Otra visión de Montréal



Con permiso de Martin, os doy otra visión de Montréal, una mucho más fiable que la mía...:

It was an incongruous day. I emerged from my apartment to find the staircase covered in dry, yellow leaves, and yet the temperature stood at nearly thirty degrees. As I ran my weekly errands, I felt impossibly sad, knowing that this is well and truly the last gasp of summer. There is no turning back now.
It is, as every Montrealer knows, harder to be alone in winter. The whole city retreats indoors, leaving its streets and parks to the snow. Warmth becomes a precious substance, one that is forever leaking out through the cracks in things, which are, suddenly, everywhere. Baseboard heaters struggle audibly, clicking and clanking without discernible effect. On certain days, even the Café is too cold to bear.
In winter, the smallest gestures of physical intimacy are survival techniques: the feet that share warmth under a blanket, the torsos that draw closer in sleep.
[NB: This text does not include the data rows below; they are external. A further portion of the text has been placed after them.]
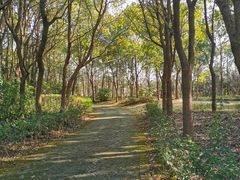 -太阳岛度假酒店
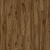 фото Дуб Сьерра (Sierra Oak 58876)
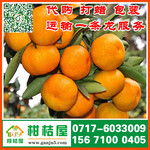 2017年临汾市早熟橘子货源充足湖北宜都早熟柑桔农产品市场
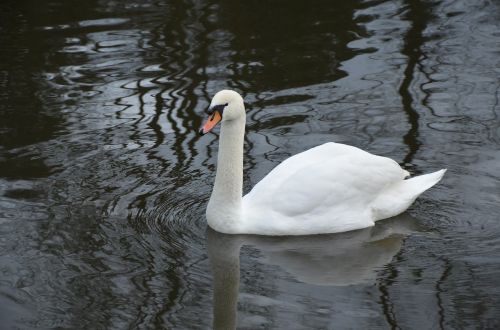 swan water river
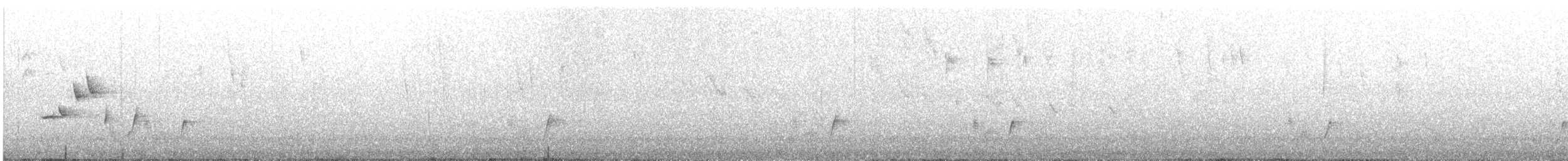 Brown Thornbill - ML645930323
As the warmest part of the body, the belly is transformed into a fetish object beneath its scratchy layers of wool. Extremities don’t stand a chance.
In sex, we become as modest as Victorians, finding our passions only under a mountain of bedclothes. If we are clever, we arrange ourselves in such a way as to create a hothouse, which recycles the heat of our breath until orgasm or oxygen depletion overcomes. There is simply no other way, as bodily fluids will freeze upon contact with air.
In the absence of sex, a Montreal bed is as cold as a grave. There is no love in this city in winter, only the will to live.
These are the thoughts that were with me today, until I met K. on our favourite terrasse. Defiantly, I drank a glass of sangria, which tasted as sweet to me as honey.